#### INFORMATION SHOWN:

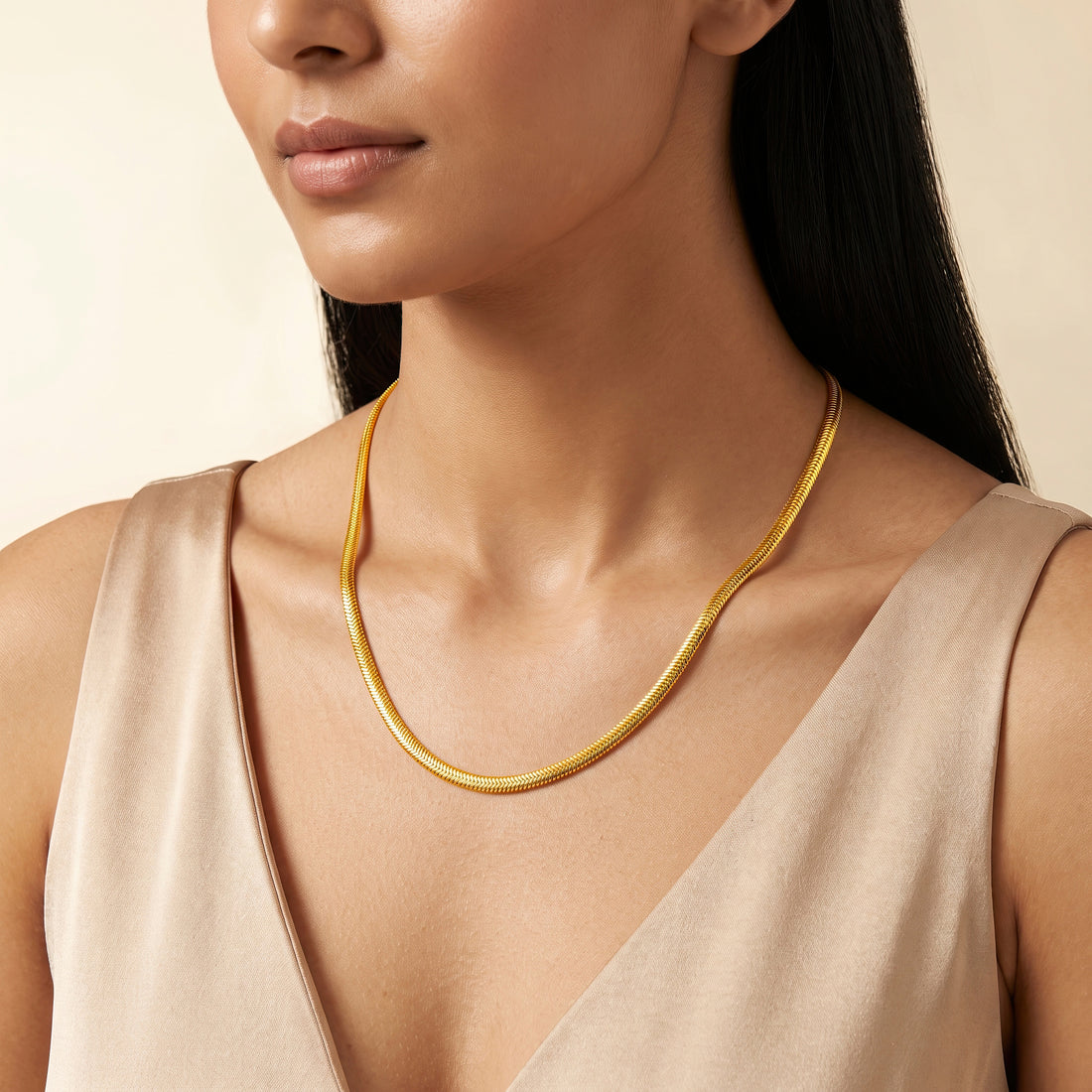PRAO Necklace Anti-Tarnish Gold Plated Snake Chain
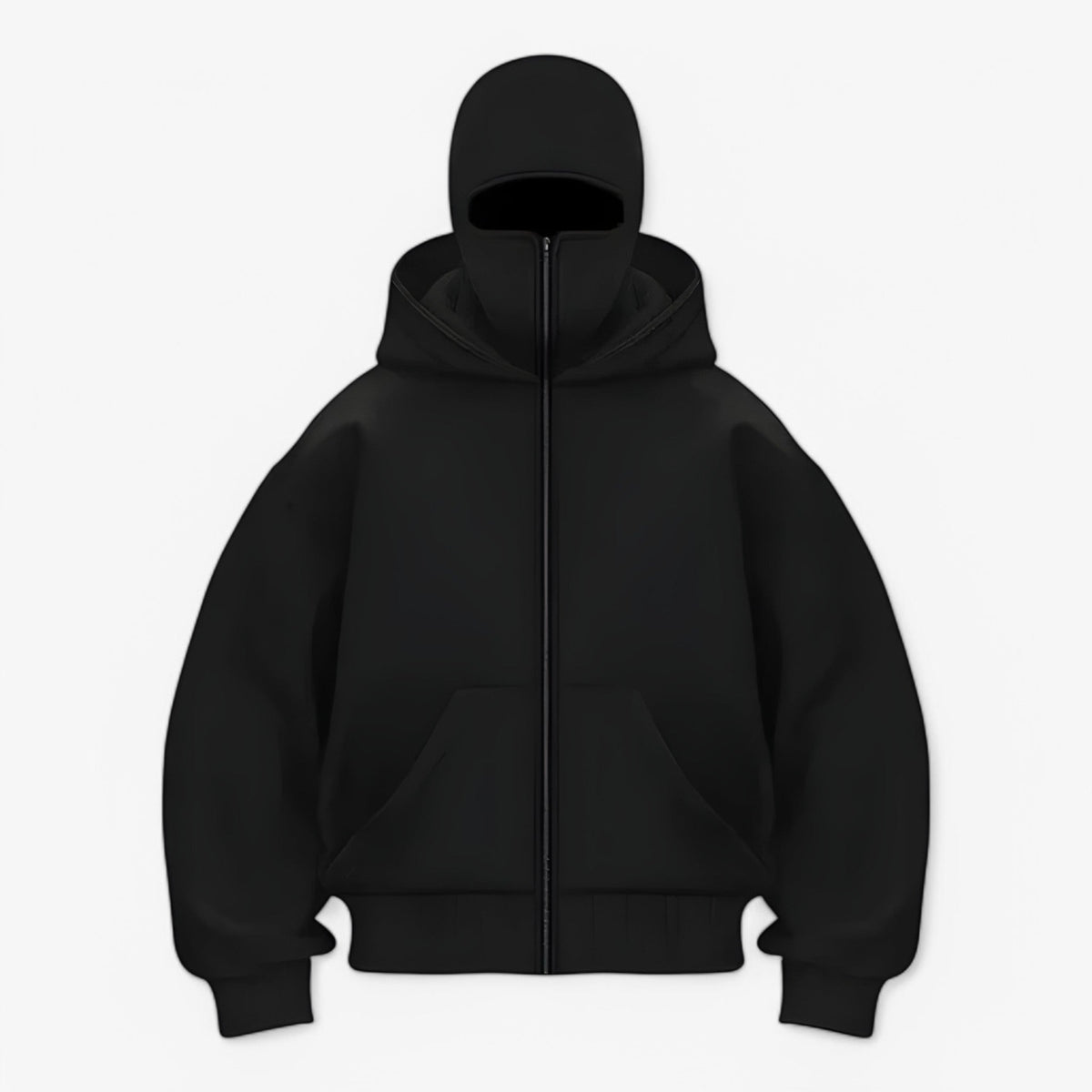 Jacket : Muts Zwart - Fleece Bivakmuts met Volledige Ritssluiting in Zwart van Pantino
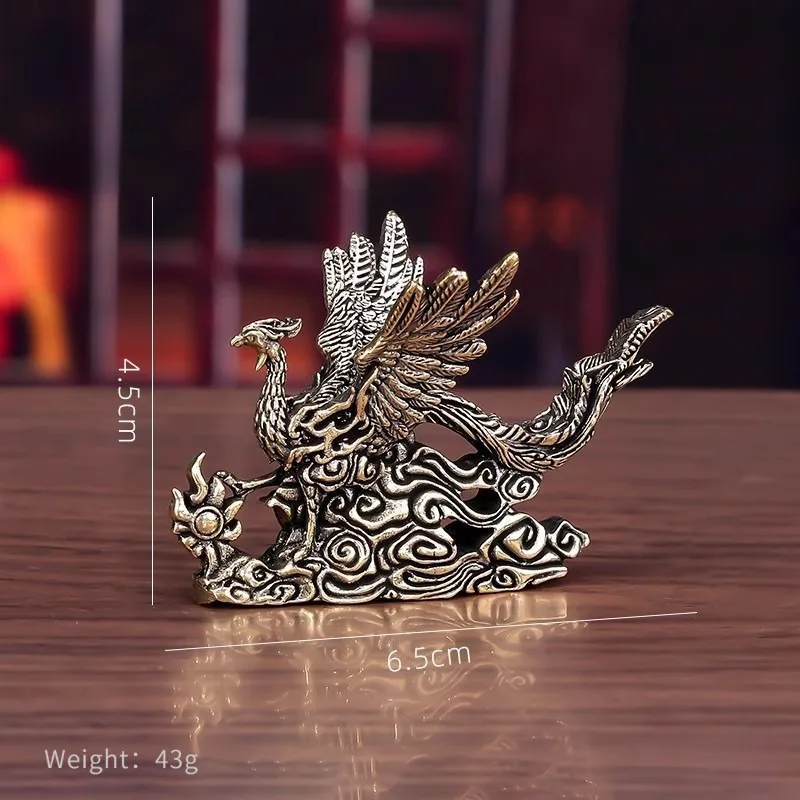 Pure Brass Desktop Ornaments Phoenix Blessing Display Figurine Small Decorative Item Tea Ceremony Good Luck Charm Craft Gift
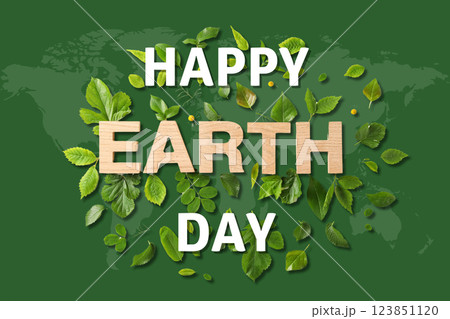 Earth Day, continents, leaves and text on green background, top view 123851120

#### WHAT THE EXERCISE ASKS:
Without including any picture, write out the material above verbatim.

#### OUTPUT:
PRAO Necklace Anti-Tarnish Gold Plated Snake Chain
 Jacket : Muts Zwart - Fleece Bivakmuts met Volledige Ritssluiting in Zwart van Pantino
 Pure Brass Desktop Ornaments Phoenix Blessing Display Figurine Small Decorative Item Tea Ceremony Good Luck Charm Craft Gift
 Earth Day, continents, leaves and text on green background, top view 123851120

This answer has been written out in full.